----- Record excerpts -----

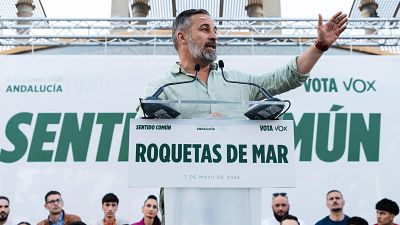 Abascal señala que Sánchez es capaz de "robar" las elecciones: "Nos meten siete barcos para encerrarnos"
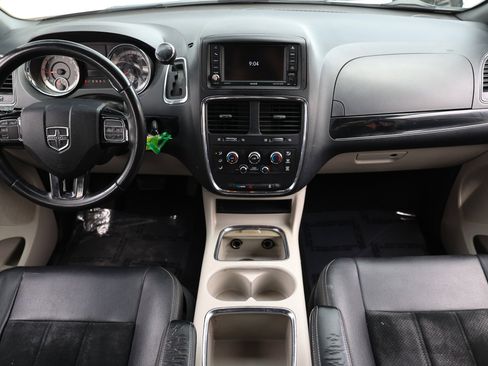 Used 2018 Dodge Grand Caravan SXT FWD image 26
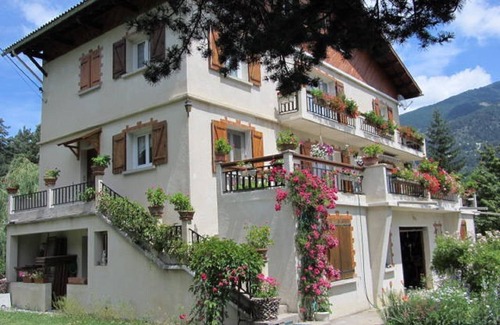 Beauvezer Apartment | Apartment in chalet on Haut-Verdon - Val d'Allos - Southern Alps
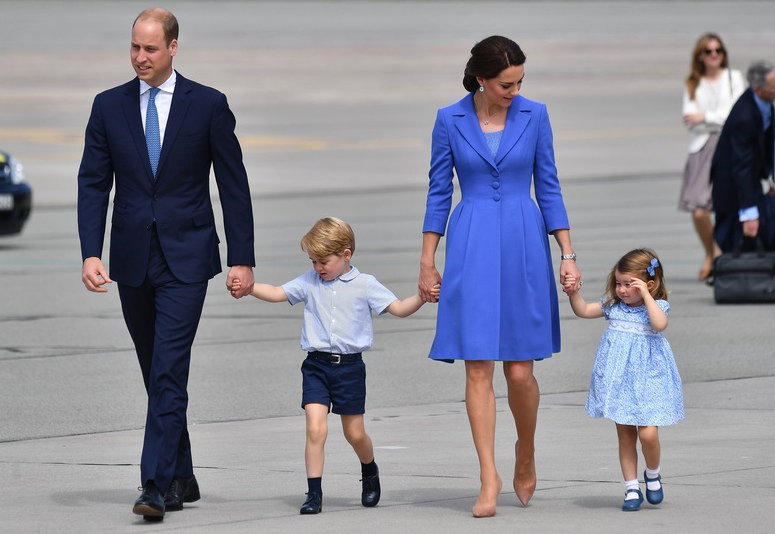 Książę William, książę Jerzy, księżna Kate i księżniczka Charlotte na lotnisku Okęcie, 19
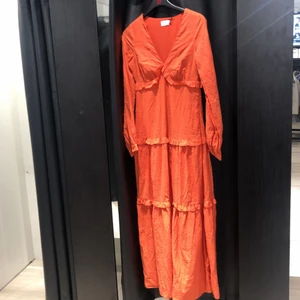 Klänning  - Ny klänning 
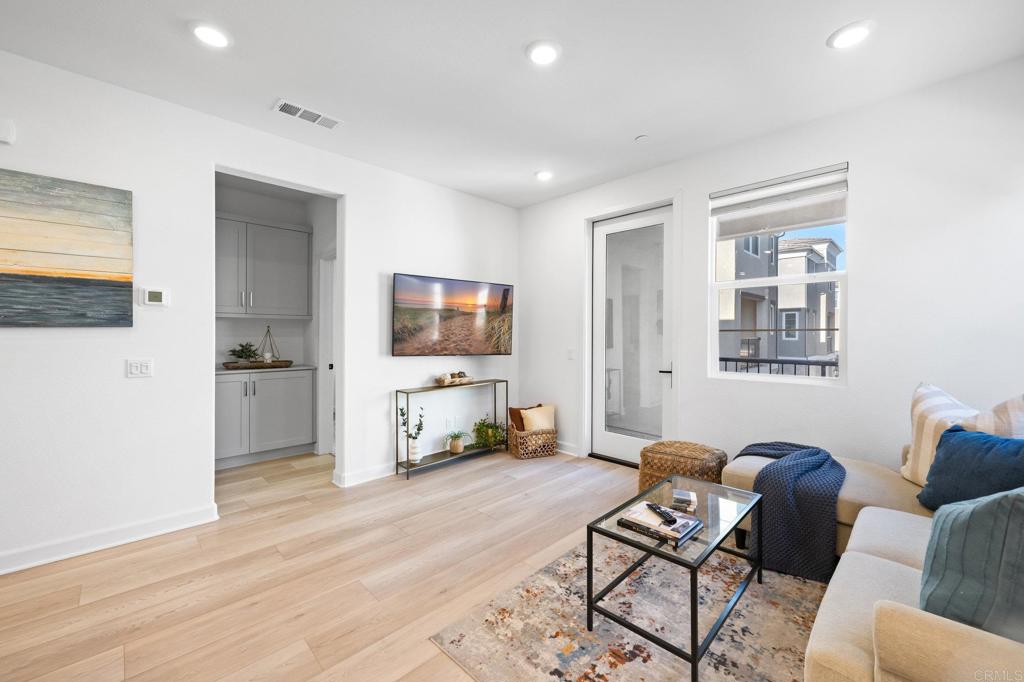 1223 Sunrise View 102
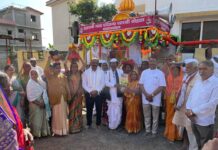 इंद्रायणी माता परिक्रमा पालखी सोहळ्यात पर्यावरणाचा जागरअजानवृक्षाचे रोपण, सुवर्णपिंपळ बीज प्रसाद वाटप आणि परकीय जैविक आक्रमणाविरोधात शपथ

-----

● What to do: Every line from the one containing "Beauvezer Apartment |" through the last line of the data, both included, is to be repeated exactly; the pictures are to be left out.

● Task answer:
 Beauvezer Apartment | Apartment in chalet on Haut-Verdon - Val d'Allos - Southern Alps
 Książę William, książę Jerzy, księżna Kate i księżniczka Charlotte na lotnisku Okęcie, 19
 Klänning  - Ny klänning 
 1223 Sunrise View 102
 इंद्रायणी माता परिक्रमा पालखी सोहळ्यात पर्यावरणाचा जागरअजानवृक्षाचे रोपण, सुवर्णपिंपळ बीज प्रसाद वाटप आणि परकीय जैविक आक्रमणाविरोधात शपथ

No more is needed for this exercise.